- **EXCERPTED DATA**:
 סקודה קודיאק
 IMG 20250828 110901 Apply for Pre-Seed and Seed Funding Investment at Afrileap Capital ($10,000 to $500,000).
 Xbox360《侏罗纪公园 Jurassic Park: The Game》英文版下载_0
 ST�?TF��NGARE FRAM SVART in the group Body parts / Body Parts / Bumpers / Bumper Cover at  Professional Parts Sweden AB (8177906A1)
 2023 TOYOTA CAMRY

* * *

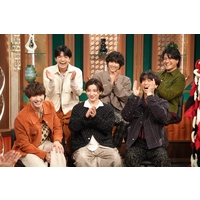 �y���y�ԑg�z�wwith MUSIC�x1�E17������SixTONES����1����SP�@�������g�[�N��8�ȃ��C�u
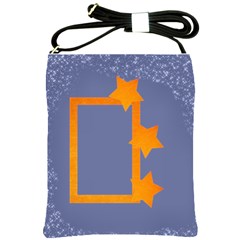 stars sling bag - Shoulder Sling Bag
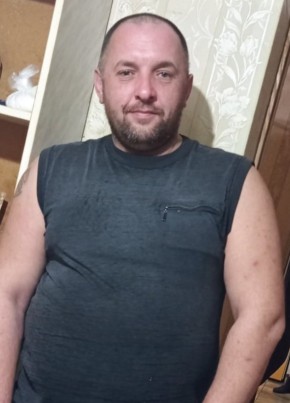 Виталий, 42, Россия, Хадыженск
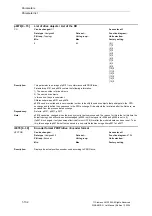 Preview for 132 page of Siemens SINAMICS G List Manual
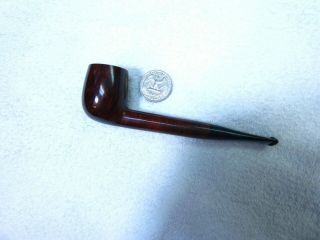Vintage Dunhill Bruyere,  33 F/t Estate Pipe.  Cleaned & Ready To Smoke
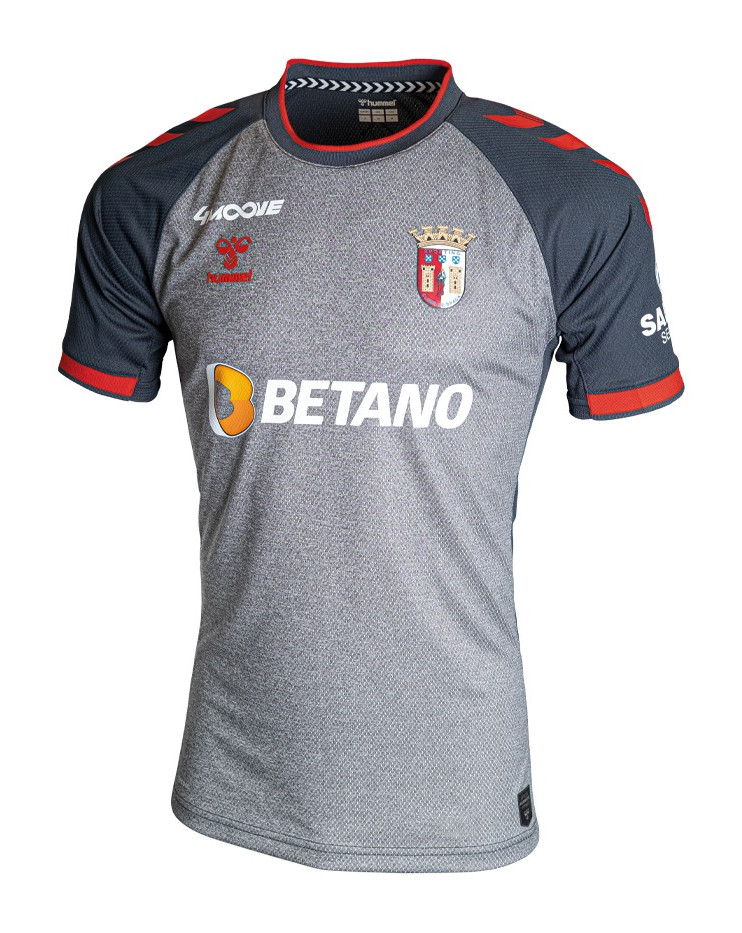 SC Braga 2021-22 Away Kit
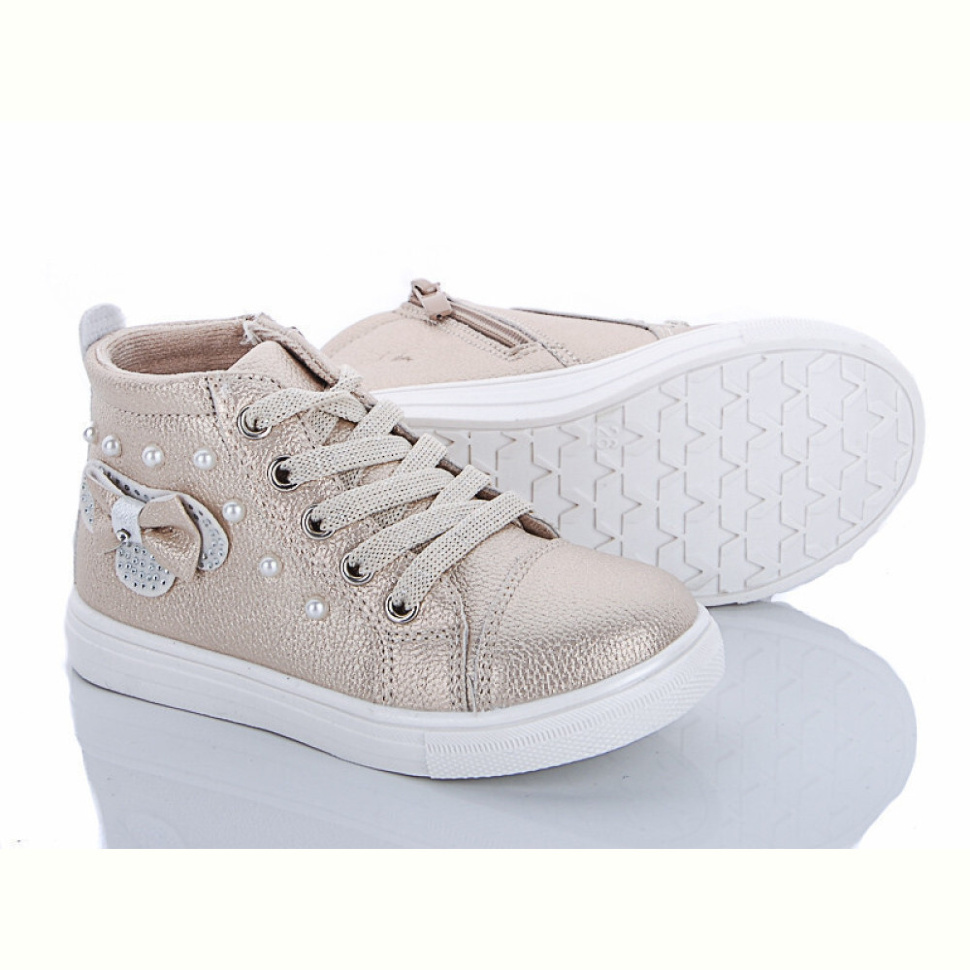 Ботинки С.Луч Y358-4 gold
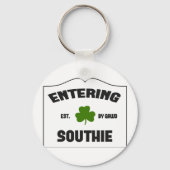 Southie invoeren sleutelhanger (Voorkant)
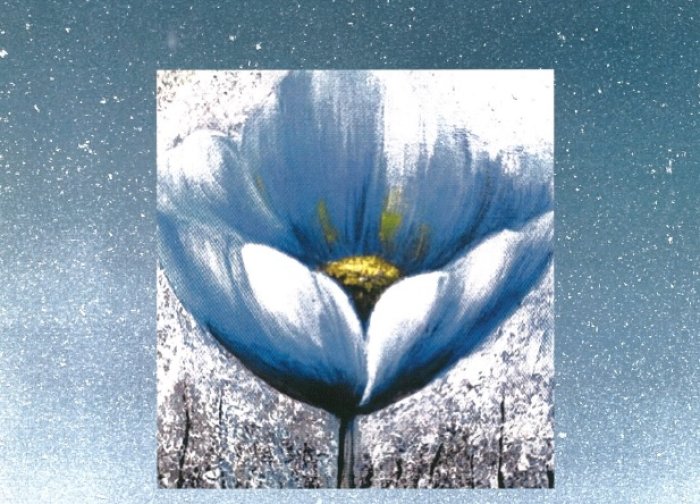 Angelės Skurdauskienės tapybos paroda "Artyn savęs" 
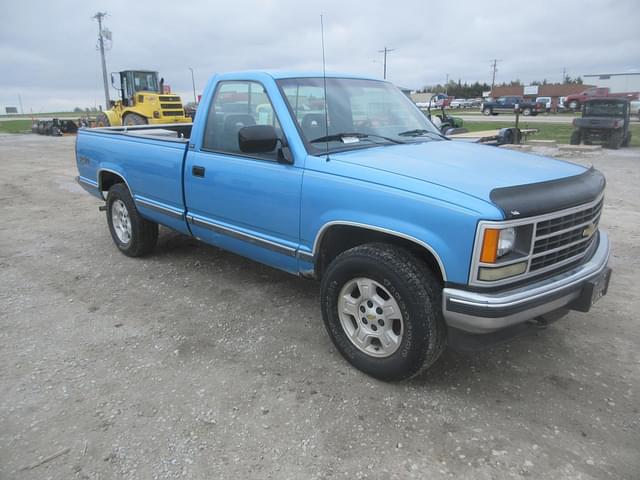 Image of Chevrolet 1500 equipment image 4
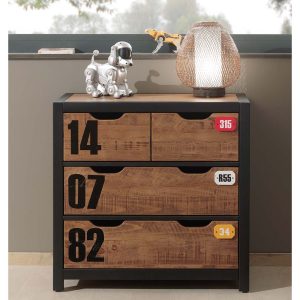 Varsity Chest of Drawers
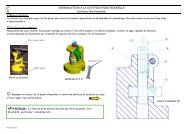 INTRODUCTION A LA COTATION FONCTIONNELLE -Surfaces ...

- **TASK DETAILS**: Of the entries listed above, reproduce only the lines starting at the line containing "Xbox360《侏罗纪公园 Jurassic Park: The" and ending at the line containing "2023 TOYOTA CAMRY". Include both, exactly as they stand.

- **WRITTEN RESPONSE**:
 Xbox360《侏罗纪公园 Jurassic Park: The Game》英文版下载_0
 ST�?TF��NGARE FRAM SVART in the group Body parts / Body Parts / Bumpers / Bumper Cover at  Professional Parts Sweden AB (8177906A1)
 2023 TOYOTA CAMRY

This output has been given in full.